For example, if the Liberal Democrats had won the 2017 general election with an overwhelming landslide, endorsing their view of staying in the EU, I would have taken that as a serious statement from the British people.
Given that we have introduced referendums into our parliamentary system, is it not the whole point that we have asked the people once, and the debate has moved on, so it is now imperative that we ask them again, because we want to have a healthy democracy? We need further clarification on the decisions that are being made about moving on.
The hon. Lady makes an important point about clarity and what people were voting for. We could debate every single general and local election, and the Scottish and the alternative vote referendums, in those terms, saying that the people did not understand and that we must try again until they get it right. I do not agree with that. When we take the question to the people, it is for both sides, and even for people in the middle who are undecided, to make their case and their argument.

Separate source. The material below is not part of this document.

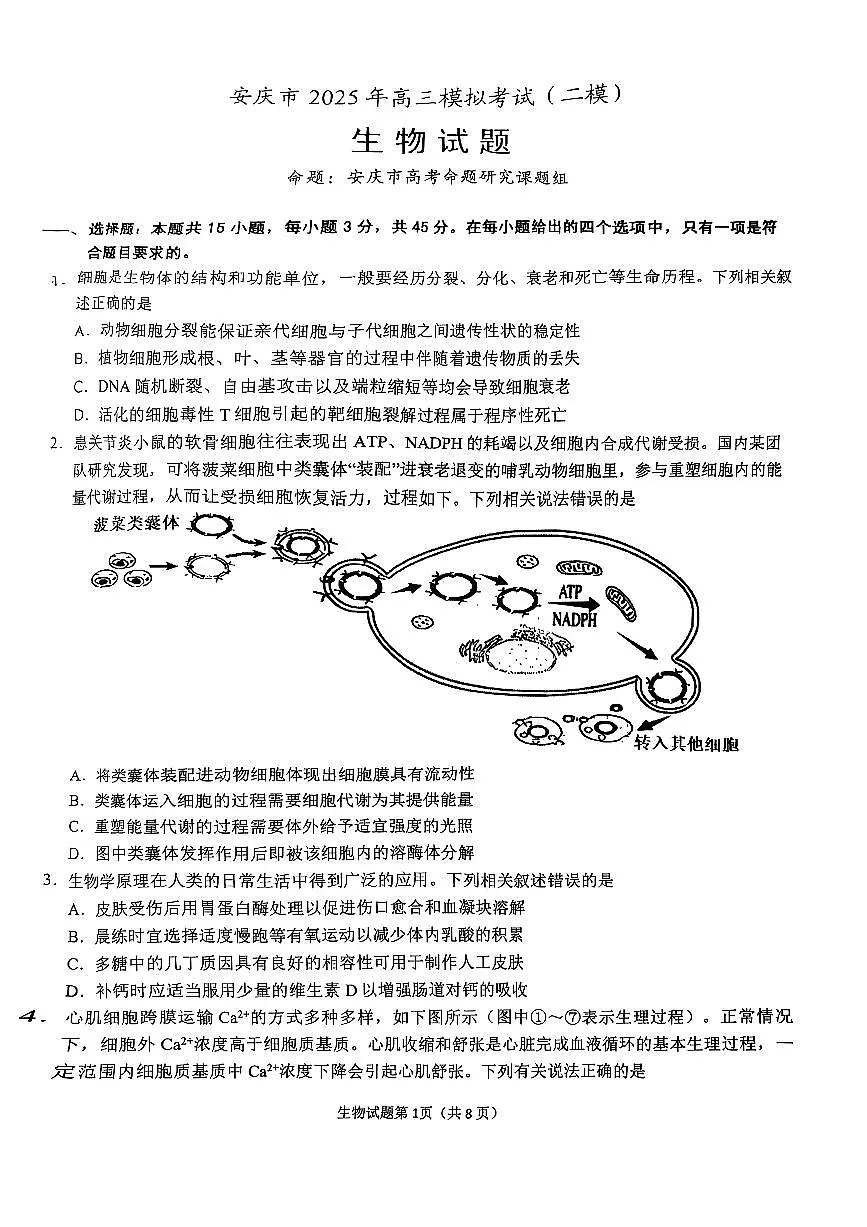 2025届安徽省安庆市高三二模考试 生物试题+答案解析第1页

Perhaps there were flaws in the timing of the referendum, but that was not down to anyone on the leave side. It was a remainer—the then Prime Minister, David Cameron—who decided the campaign’s timing. If there are any doubts or uncertainties about people not having enough information, or enough time to gather that information, accountability has to sit with the lead remainer, who was responsible for the timetable?
We must regain control over our laws, borders and money, and we must have the right to negotiate trade deals with countries around the world. The petition has 113,613 supporters, which is a substantial number, but it falls far short of the 17.4 million people who voted to leave the European Union, as has been highlighted.
In her opening remarks, the hon. Member for Blaydon described the e-petition as suggesting a choice between two evils, or of the lesser of two evils, but that is disappointing language from the remain campaign. To describe the decision of leave voters in terms of being between one evil and another suggests that leave voters voted for evil.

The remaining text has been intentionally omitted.